Continuing to browse our website indicates your consent to our use of cookies. For more information, see our Privacy policy.

Digital trade

Integrating networks for regional trade agreements


Published 28 June 2022

The internet’s borderless culture of innovation has fostered the development of unregulated digital assets. The boom of cryptocurrencies, the uptake of CBDCs, and the Ukraine-Russia conflict are raising important questions around the political neutrality of the infrastructure for global trade settlement. By integrating on-net and off-net financial networks through regional arrangements such as RCEP, could we avoid the creation of spliternets?

Manufacturers in East Asia now have the option to settle trade under three major trade frameworks: the Regional Comprehensive Economic Partnership (RCEP), the Comprehensive and Progressive Agreement for TransPacific Partnership (CPTPP) and the Indo-Pacific Economic Framework. Will they continue to use the US dollar as the de facto unit of account for financial settlements, or will they choose cryptocurrencies like Bitcoin, or Central Bank Digital Currencies (CBDCs) such as China’s e-CNY?

If life follows art, it is not hard to imagine a splintered world and political economy akin to George Orwell’s dystopia in 1984—a world divided into three global networks belonging to the states of Oceania, Eurasia and East Asia. In reality these could be divided by major CBDCs—a digital dollar, a digital euro and a digital yuan—with the digital ‘gold’ of Bitcoin perhaps serving as the currency for ‘disputed territories’. The Japanese art of joining broken bowls with gold, kintsugi, comes to mind.

In the early 2000s online and offline trade settlements were conducted using the US dollar, the world’s reserve currency, with online trade dependent on traditional financial settlement networks. Today however, there are different ways to settle online trade using units of account that are native to the internet. Since the invention of cryptocurrencies trade can be settled completely on-net—entirely on the internet—not via highly regulated offnet financial networks.

There are now over 19,000 cryptocurrencies. So far, these volatile and speculative units of account can be exchanged on over 500 digital exchanges. These exchanges enable conversion to other digital assets, such as non-fungible tokens—financial assets consisting of digital data stored in a blockchain—and stablecoin, less volatile units of account with prices linked to a commodity or fiat currency.

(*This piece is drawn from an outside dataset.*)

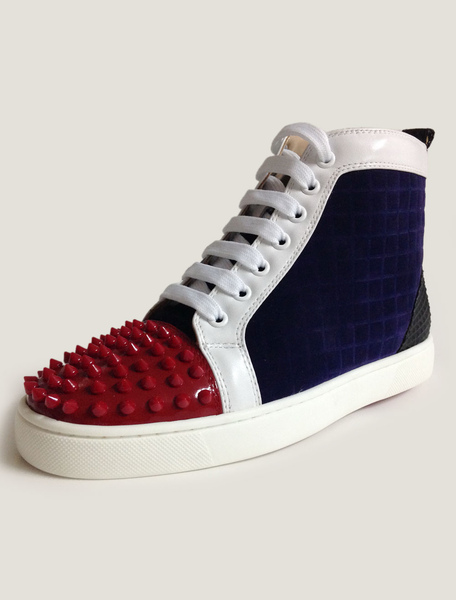 Image of Rivets Sneakers Color Block Lace Up Leather Sneakers for Men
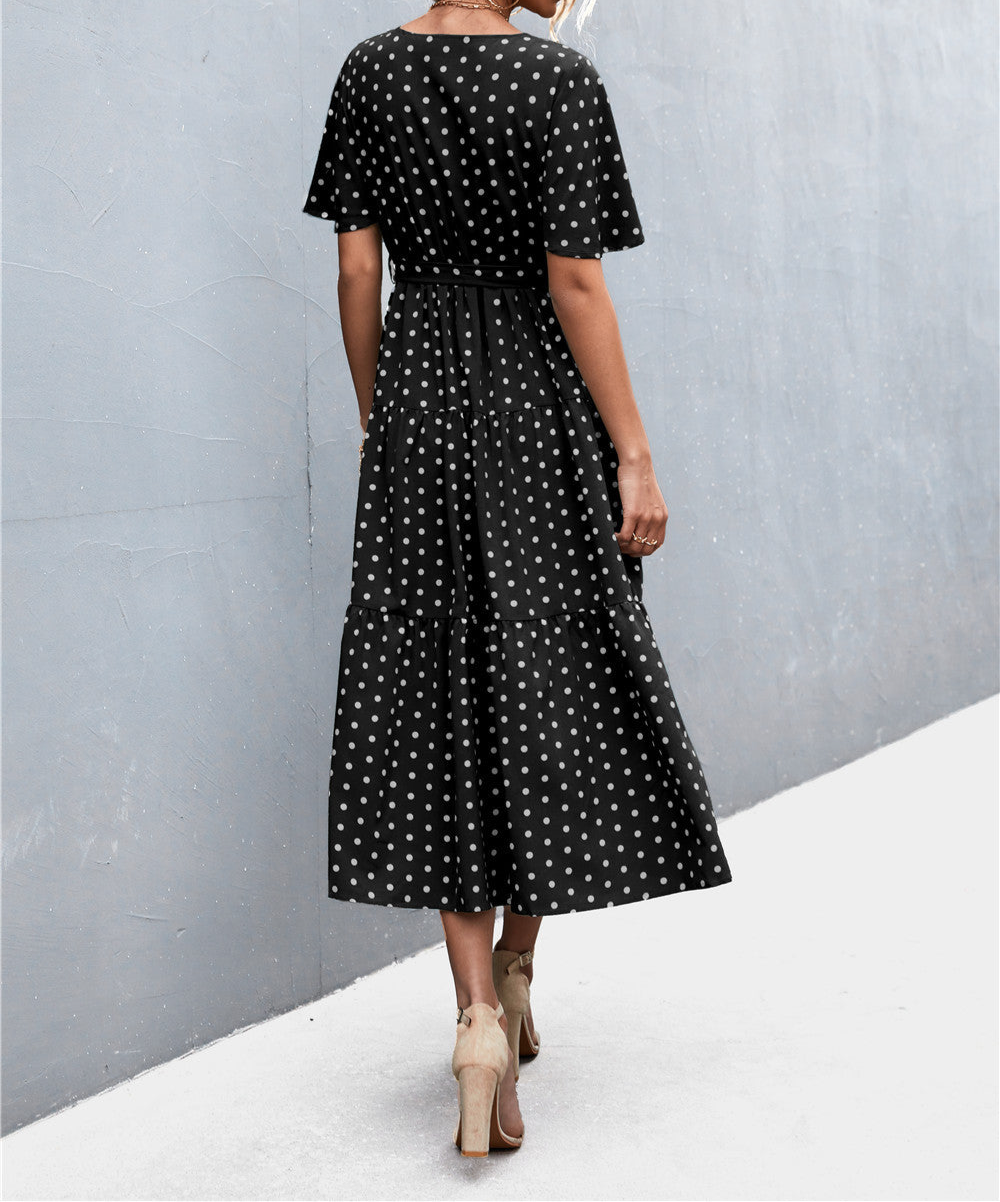 Minnie Printed V-Neck Flutter Sleeve Belted Dress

The internet’s borderless culture of innovation has fostered the development of unregulated digital assets. This has prompted the Biden administration in the United States to issue an executive order promoting their responsible development and the European Union to develop the Markets in Crypto-Assets regulation. And the US$83 billion collapse of the stablecoin TerraUSD serves as a stark reminder that rapid financial innovation may have unexpected consequences.

Nevertheless on-net financial innovations continue. The opportunity to invent new online economies and their units of account is too large to ignore. Indeed the venture capitalists that created today’s internet, appear unfazed by TerraUSD’s collapse and continue to raise decentralised finance crypto funds. In May 2022, for example, Andreessen Horowitz raised US$4.5 billion for Crypto Fund 4 bringing its total raised for investment in cryptocurrencies to US$7.6 billion.

Innovation and cross-border experiments are also occurring among off-net financial networks. Central banks have been leading the charge, responding to private innovation by introducing their own CBDCs—digital representations of existing central bank liabilities. CBDCs currently take two forms: wholesale liabilities between a central bank and commercial financial institutions, and retail liabilities between a central bank and its citizens.

As of May 2022, 90 per cent of central banks were exploring CBDCs. There are no less than 87 ongoing CBDC experiments led by central banks, with a digital euro expected in 2026, the United States considering the implications of a digital dollar and India announcing plans to move ahead with a digital rupee. Nine countries have launched digital currencies while 14 others—including China and South Korea—are making rapid progress with their pilot programs.

Although CBDCs are mainly envisaged for domestic use, experiments are underway to conduct cross-border payments via multiCBDC arrangements. One example is the mBridge digital currency portal, a collaboration by the BIS Innovation Hub Hong Kong Centre with central banks in Hong Kong, Thailand, China and the United Arab Emirates.

Current discourse on network infrastructure is dominated by the question of whether CBDCs and their cross-border equivalents will dominate trade under regional trade frameworks, or if cryptocurrencies and hybrid CBDC–crypto approaches will emerge as the front runner for on-net trade. But politicising and polarising this issue could force global networks, like the Society for Worldwide Interbank Financial Telecommunication (SWIFT) or the internet, to split into incompatible networks, or splinternets.

The Ukraine–Russia conflict raises important questions around the political neutrality of on-net and off-net infrastructure for global trade settlement. SWIFT’s ban on Russian banks and the use of cryptocurrencies to fund aid or subvert financial sanctions has fuelled debate about crypto’s potential to challenge monetary sovereignty and the risks associated with currency substitution. To circumvent such risk, the Central Bank of Russia has already established the System for Transfer of Financial Messages. Similarly, the People’s Bank of China has built its own CrossBorder Interbank Payment System.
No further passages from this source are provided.